We used cross-validation to unbiasedly estimate the predictiveness of each method. We randomly split the data into 80% training and 20% testing samples, maintaining the proportion of events in the full sample within each split. We then trained the various predictive models by using the training samples and computed the C-index by using the testing samples. We repeated the same procedure one hundred times and took an average of the C-index to obtain an unbiased estimate of the C-index for each method (Uno et al, 2007). We applied each method with the demographic and clinical predictors, followed by the addition of radiomic features to assess their incremental prognostic utility via the C-index. Using ensemble averaging, which was the most predictive (see the Section of Results), we developed a risk score to predict in-hospital mortality and classified patients into low- and high-risk groups using the median score as the cutoff.

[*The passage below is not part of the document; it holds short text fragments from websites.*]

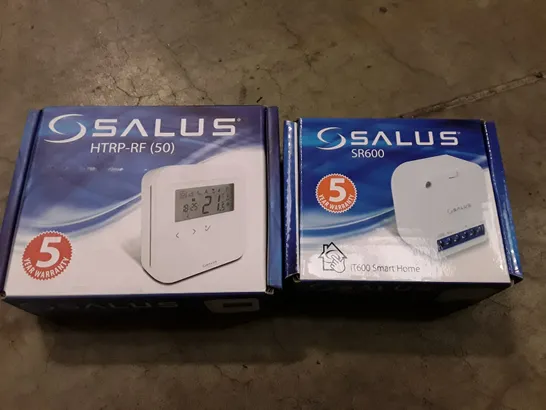 SALUS HTRP-RF PROGRAMMABLE THERMOSTAT AND SR600 RELAY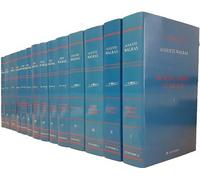 Walras - Œuvres économiques complètes en 14 volumes reliés - Auguste Walras - Economica - relié - Anthologie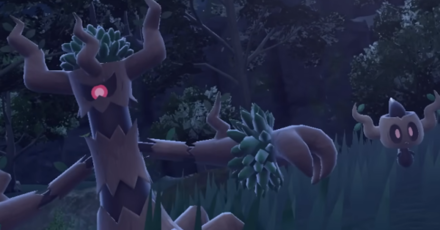 Pokemon SV - Phantump Trevenant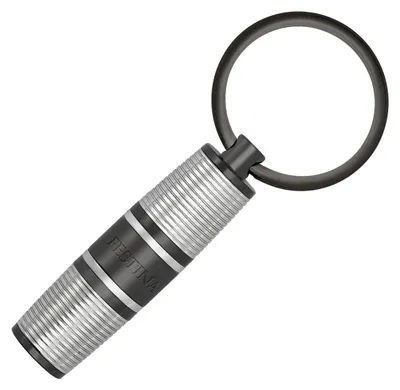 Imagen del producto de Festina Llavero Bold Stripe Chrome & Gun
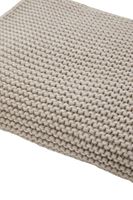 Bayan Krem Kalın Şal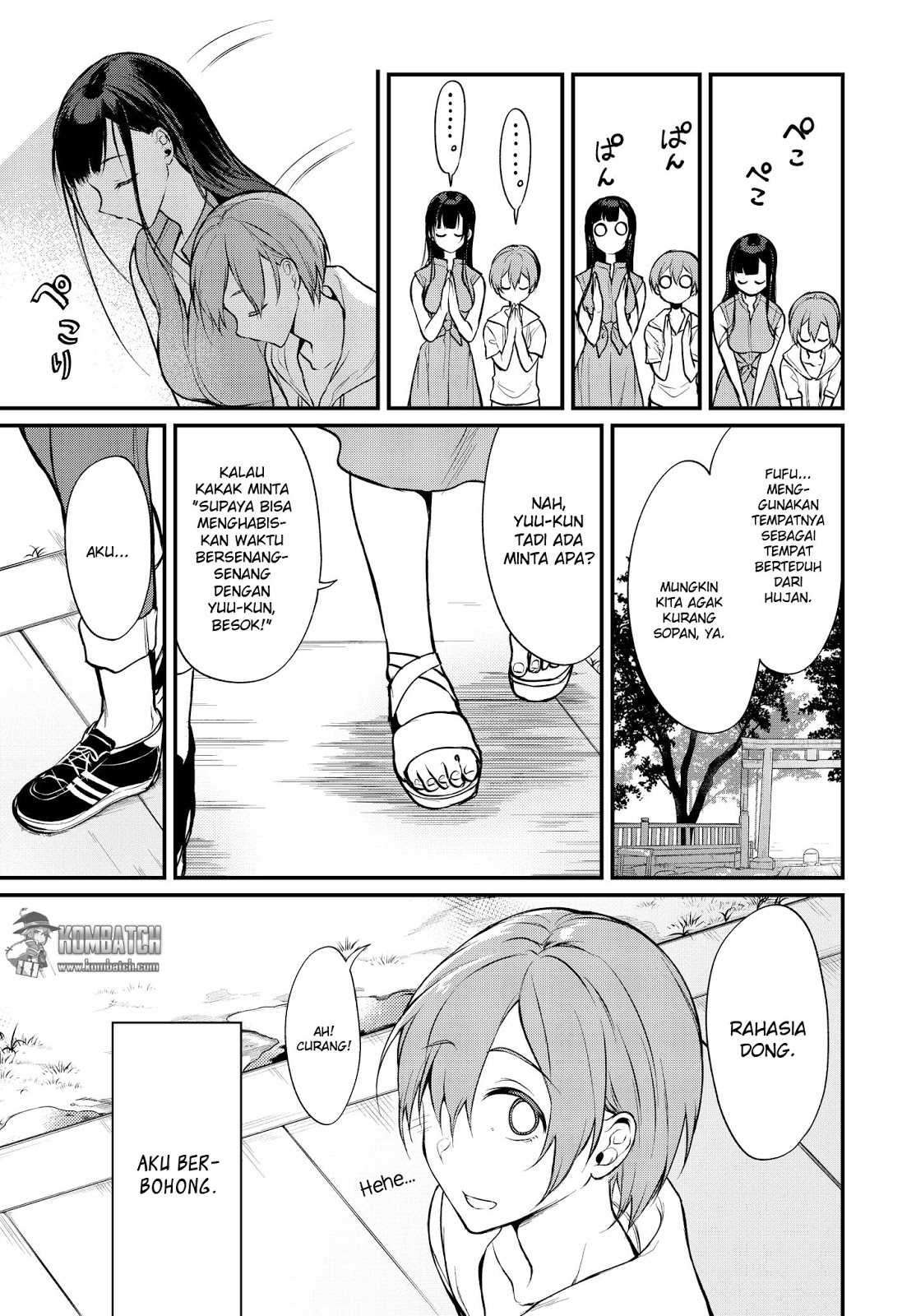 Ane Naru Mono: Chapter chapter-13 - Page 13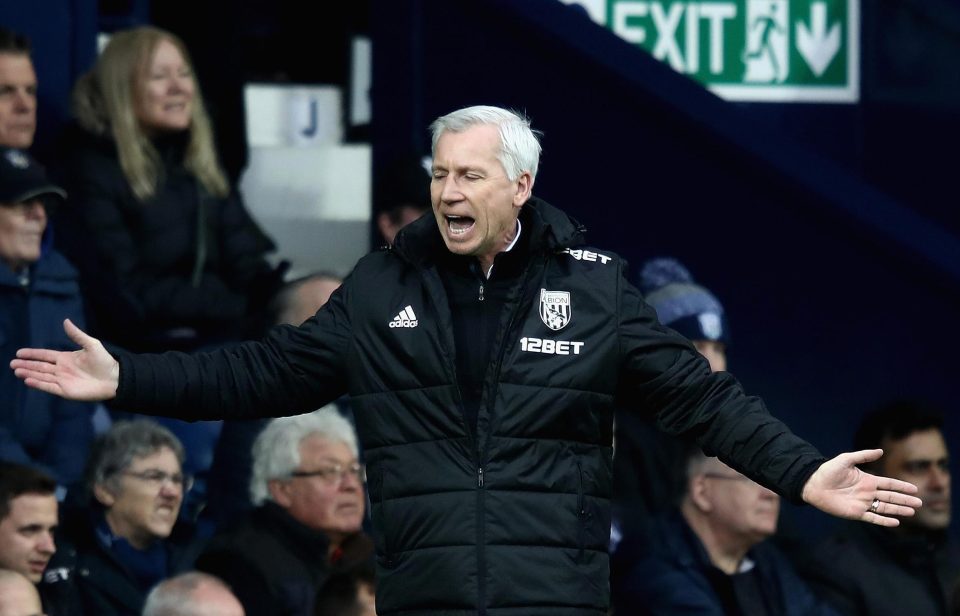  Silva has also been earmarked as a potential replacement for Pardew at West Brom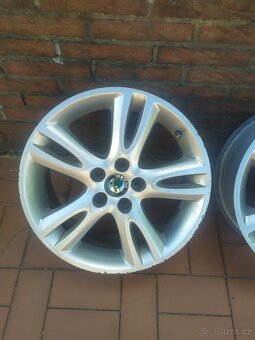 Alu kola 16" orig Škoda Fabia II - 4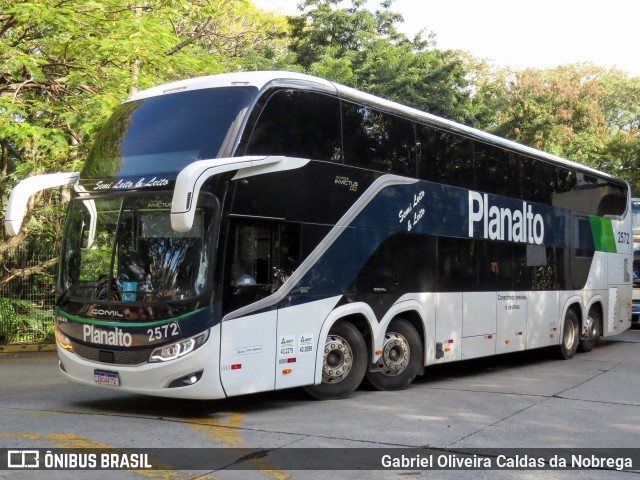 Planalto Transportes 2572 na cidade de São Paulo, São Paulo, Brasil, por Gabriel Oliveira Caldas da Nobrega. Número da foto: #13167808.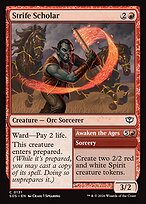 Strife Scholar // Awaken the Ages — Secrets of Strixhaven 131
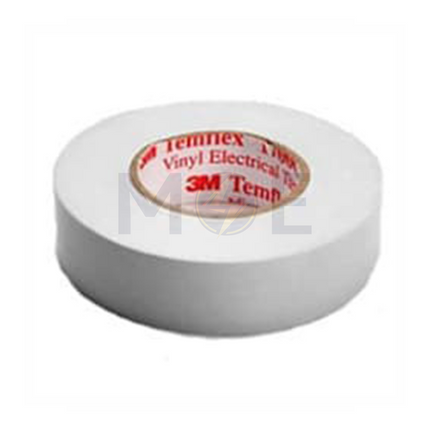 3M Electrical Adhesive Tape White 20yd | Temflex 1500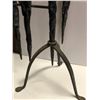 Image 4 : Heavy wrought iron gothic style large candle opera - approx 30" tall (From the horror drama show)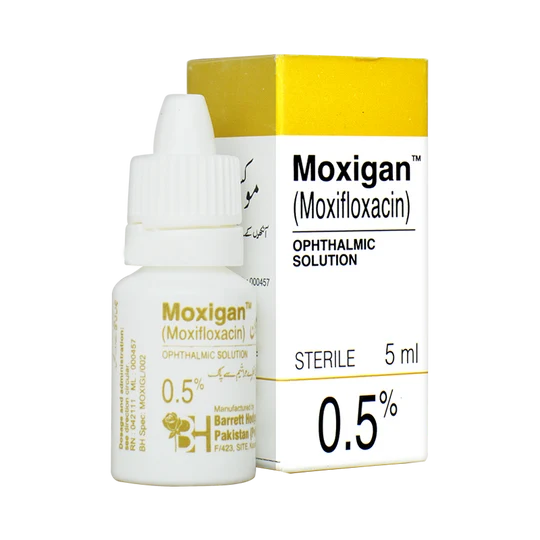 Moxigan Eye Drops
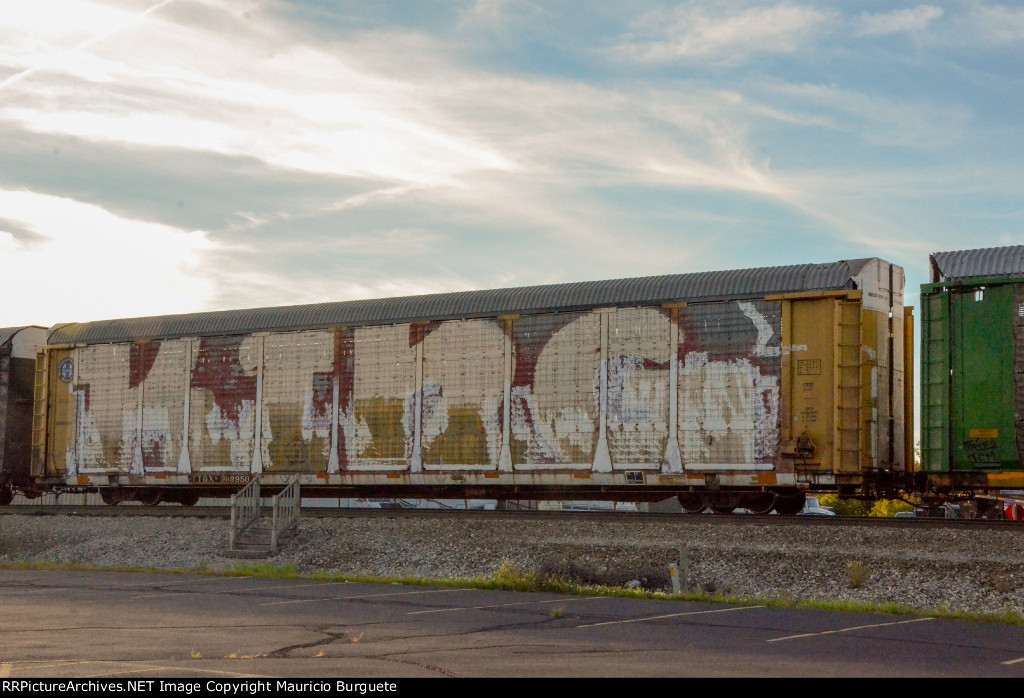 TTGX BNSF Autorack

Lastly, we detail the variable selection process for building a final Cox model. We selected clinical and image features based on their importance in prediction, defined by the absolute decrease in C-index with the “removal” of the concerned feature in the data (Breiman, 2001). To do so, we randomly split the data into 80% training and 20% testing samples, fit the model on the training data and calculated the feature importance using the testing data (Supplement D.6). We repeated the same procedure one hundred times, selected the features that were most important (on average) among these one hundred experiments, and included them in a multivariable Cox regression to assess their statistical associations with in-hospital mortality. All data processing and analysis was carried out with Python (version 3.8.8), NumPy (version 1.20.1), and scikit-survival (version 0.17.2).
We examined different subgroups to gauge how the prediction performance of the model improved with the added radiomic features. Because age and comorbidity burden were the most relevant to survival among the clinical factors, we considered patient subgroups defined by age (> versus ≤ 65 years old) and number of comorbidities at admission (> versus ≤ median seven comorbidities), respectively. We compared the change in prediction performance with the addition of the radiomic features between different subgroups.